■ **Task to carry out**: Give back exactly the lines from the "SanDisk - Clé USB 128 Go Type-C 3.2 - Noir" line to the final line of the records, and only those, minus any pictures.

------------------------------------------------

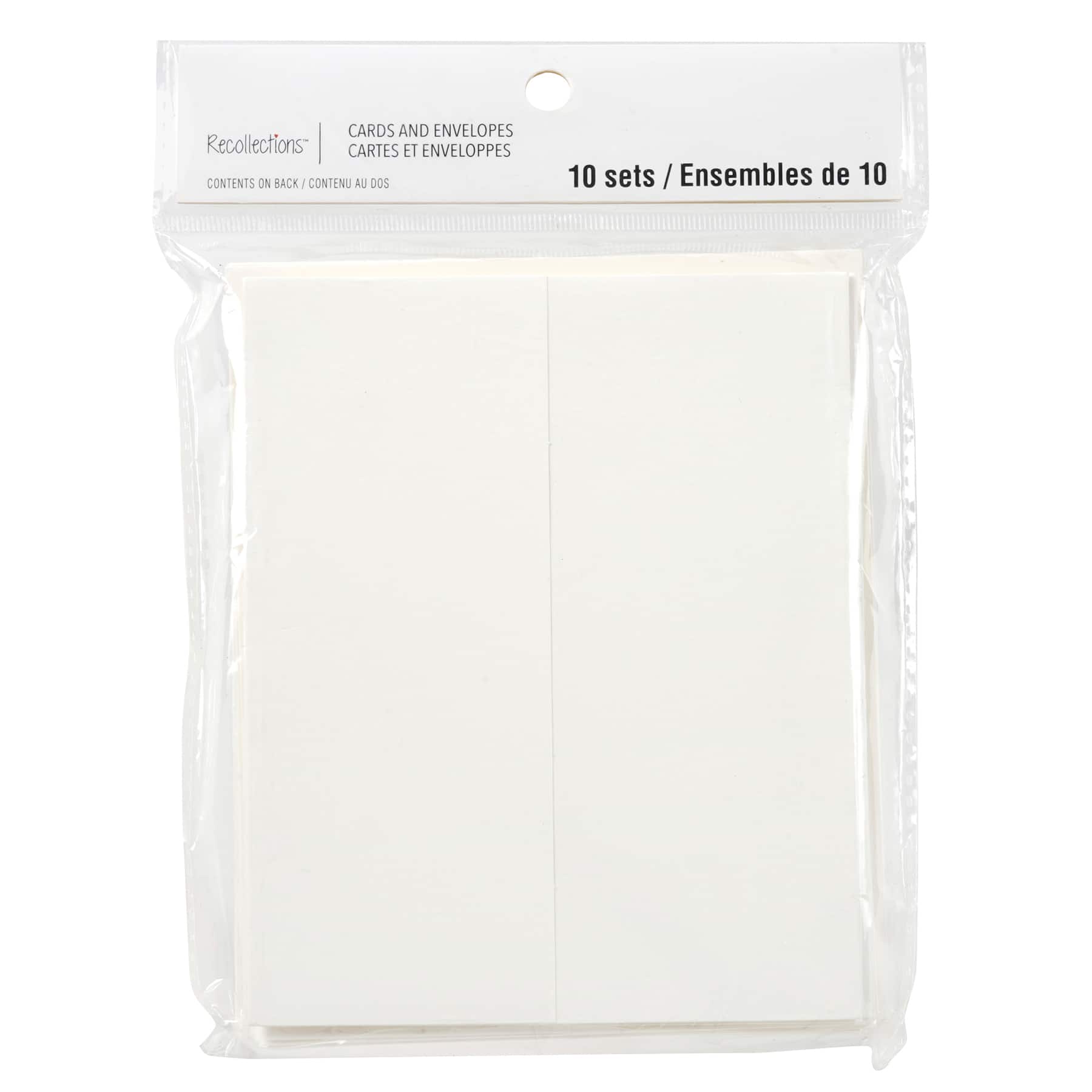 12 Packs 10 ct. (120 total) 4.25" x 5.5" Ivory Gatefold Cards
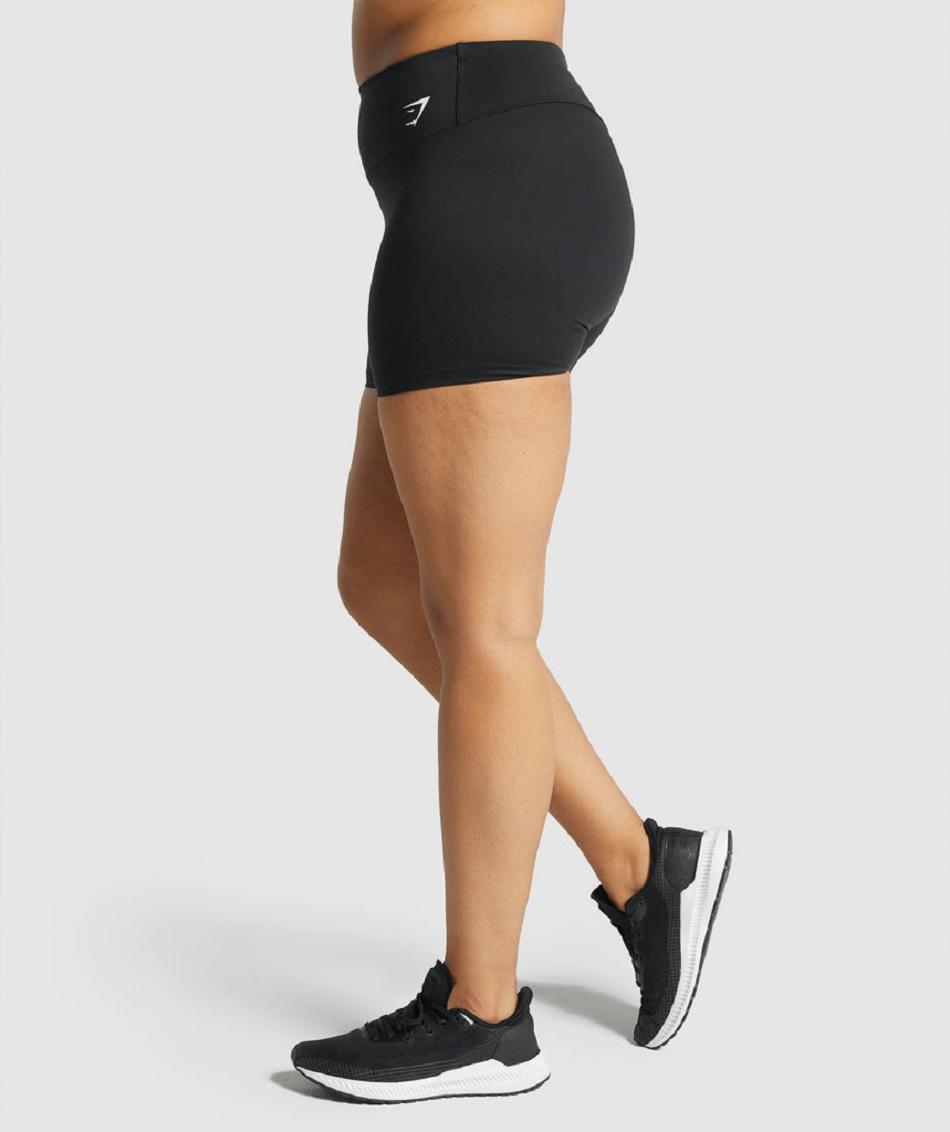 Bermudas Gymshark Entrenamiento Mujer Negros | MX_4684KOR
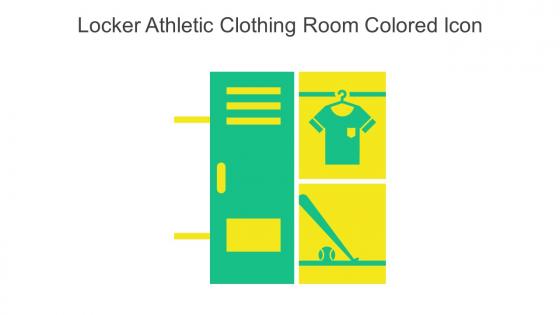 Locker Athletic Clothing Room Colored Icon In Powerpoint Pptx Png And Editable Eps Format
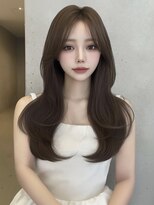 ユーフォリア 銀座(Euphoria)&nbsp;韓国/小顔/黒髪/ココアベージュ/銀座/レイヤーカット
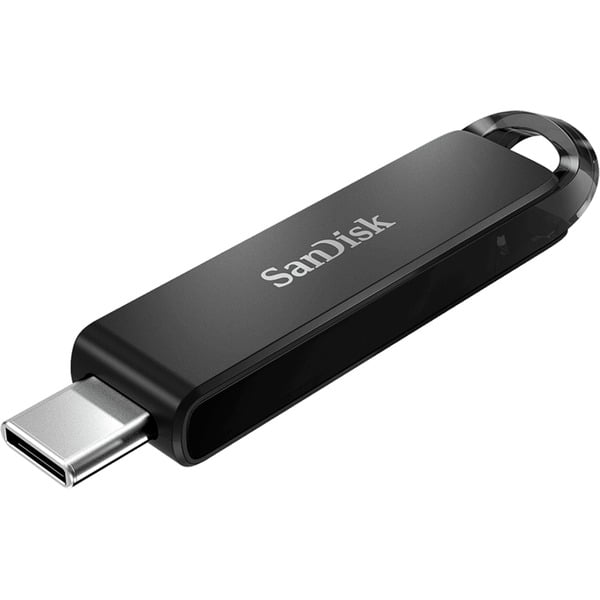 SanDisk - Clé USB 128 Go Type-C 3.2 - Noir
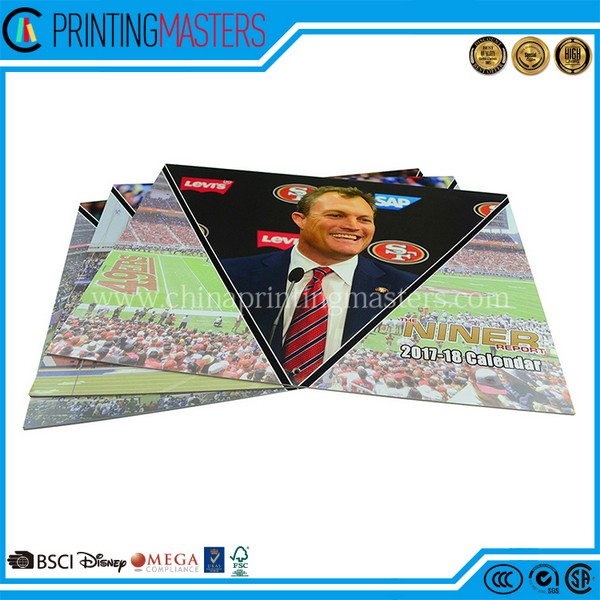 Cheap Price Customized CMYK Wall Calendar Printing China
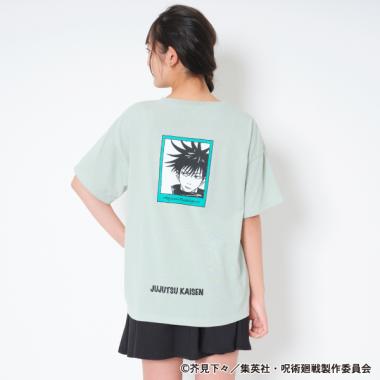 呪術廻戦】バックプリント半袖Tシャツ(SS(130) クロ): ジュニア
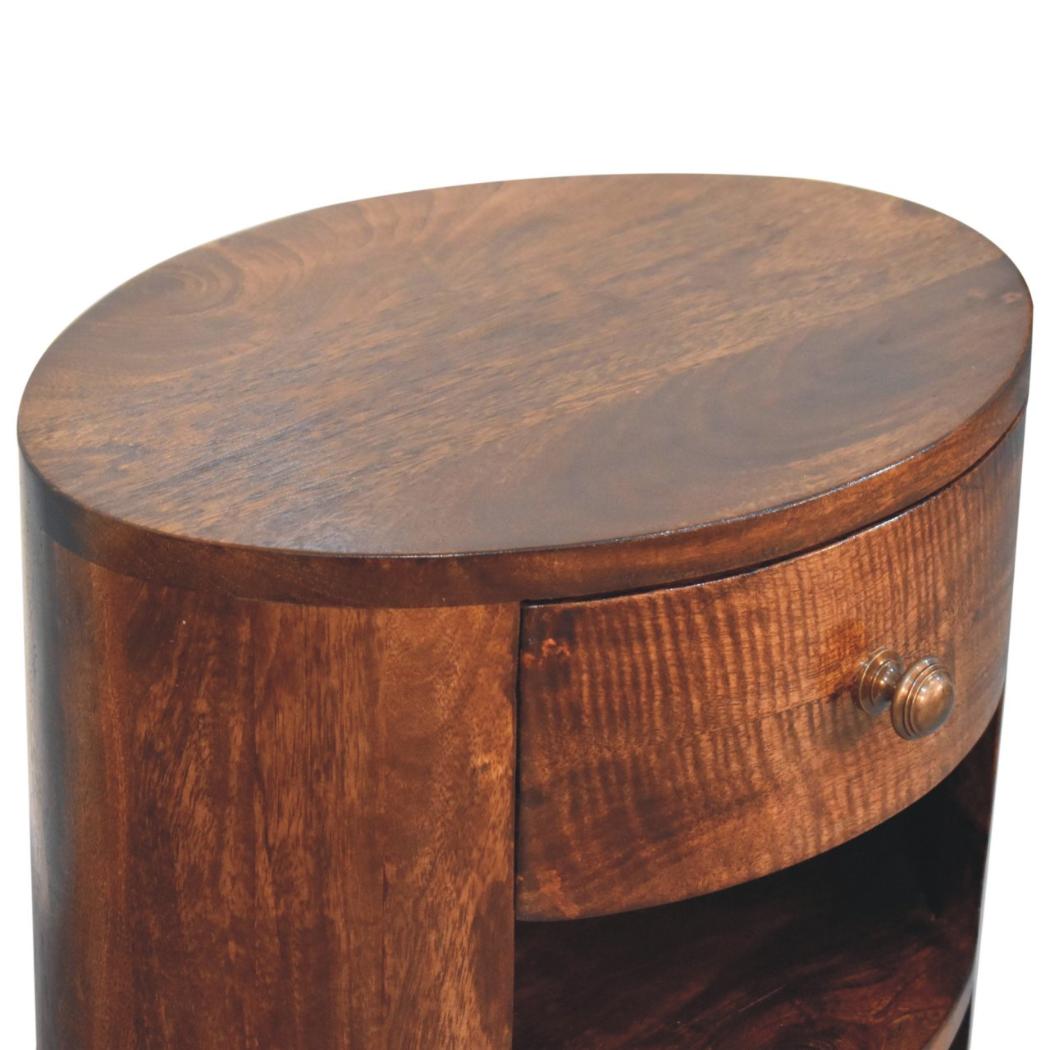 Cortez Bedside Table | Solid Mango Wood | California Walnut Finish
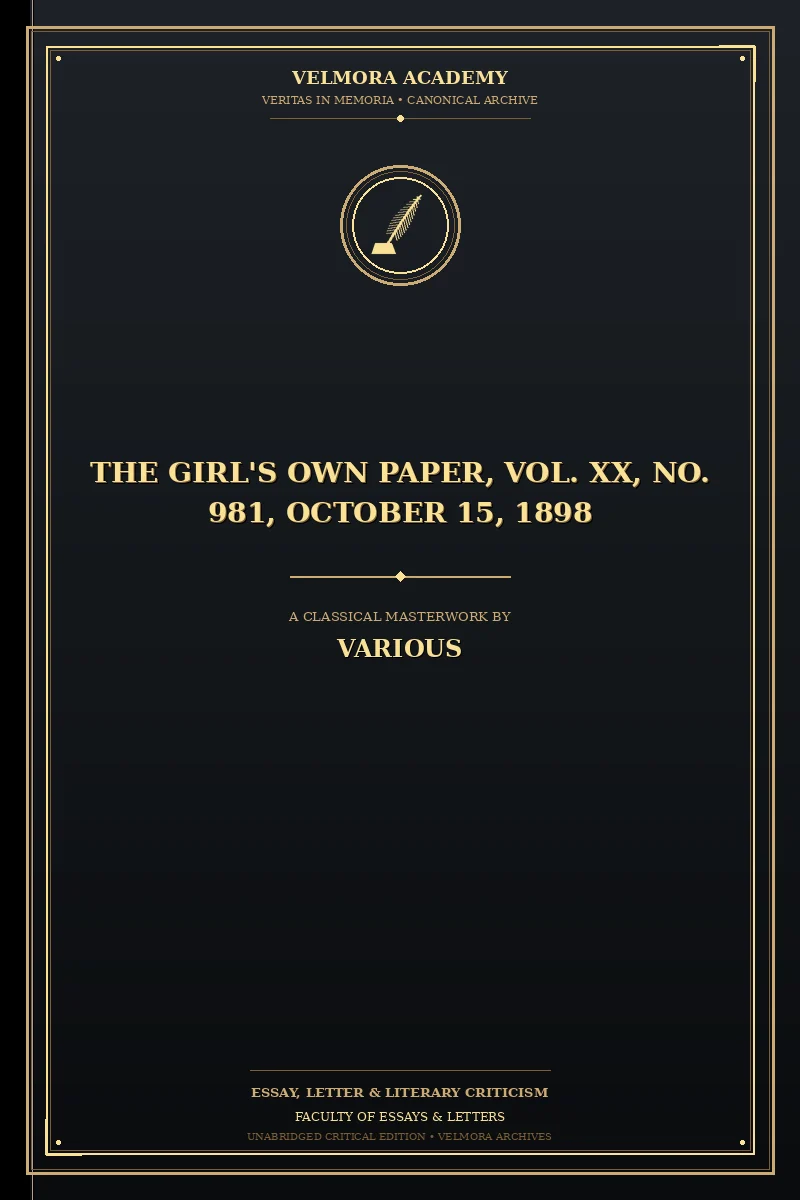 The Girl's Own Paper, Vol. XX, No. 981, October 15, 1898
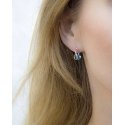 Beneto Dazzling silver earrings with turquoise zircon AGUC2692-T Beneto Dazzling silver earrings with turquoise zircon AGUC2692-T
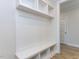 Mudroom/Entryway features built-in storage and convenient bench seating at 1813 Bright Lantern Way, Wendell, NC 27591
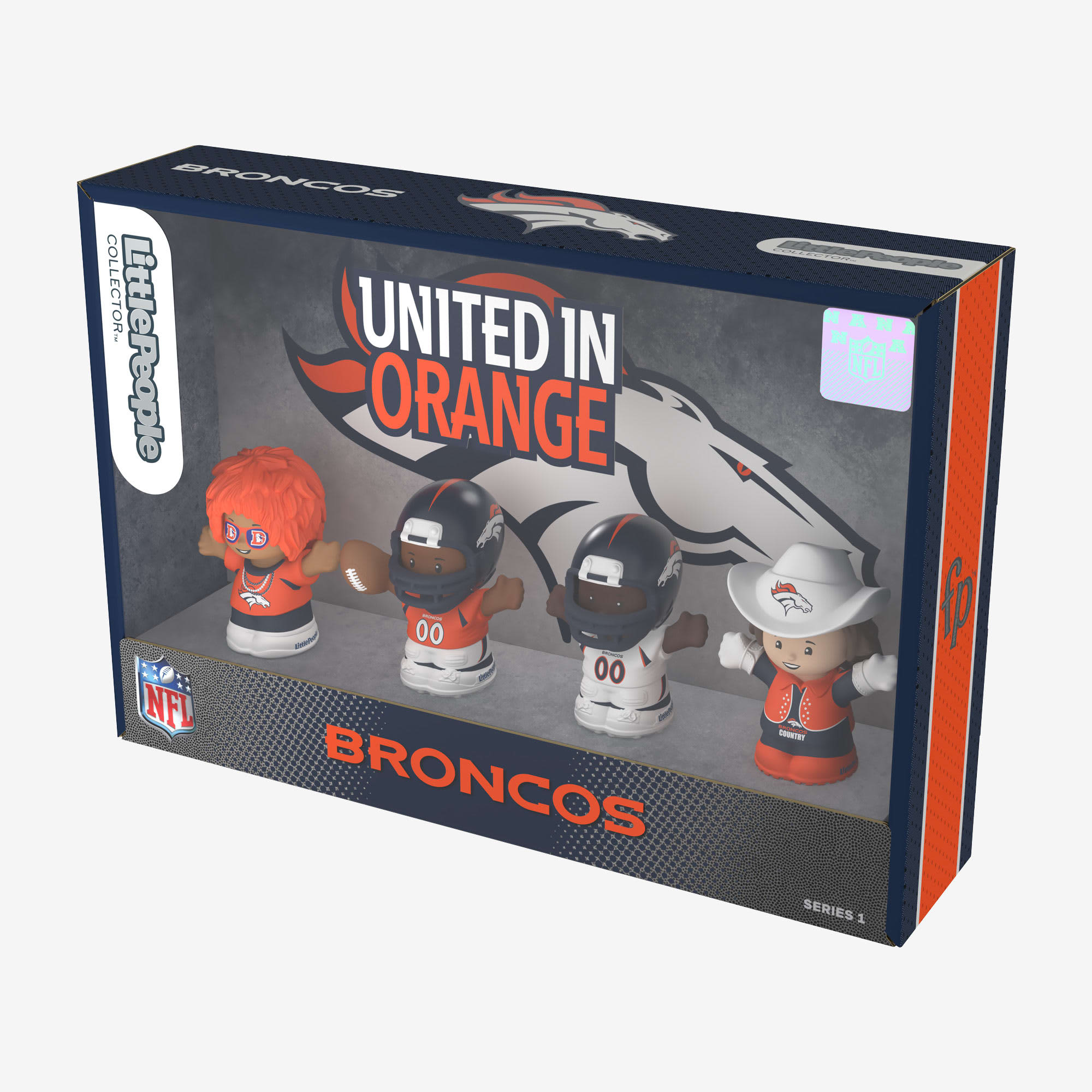 Little People Collector x NFL Denver Broncos Set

------------------------------------------------

■ **Answer for this exercise**:
 SanDisk - Clé USB 128 Go Type-C 3.2 - Noir
 Cheap Price Customized CMYK Wall Calendar Printing China
 呪術廻戦】バックプリント半袖Tシャツ(SS(130) クロ): ジュニア
 Cortez Bedside Table | Solid Mango Wood | California Walnut Finish
 The Girl's Own Paper, Vol. XX, No. 981, October 15, 1898
 Beneto Dazzling silver earrings with turquoise zircon AGUC2692-T Beneto Dazzling silver earrings with turquoise zircon AGUC2692-T
 Mudroom/Entryway features built-in storage and convenient bench seating at 1813 Bright Lantern Way, Wendell, NC 27591
 Little People Collector x NFL Denver Broncos Set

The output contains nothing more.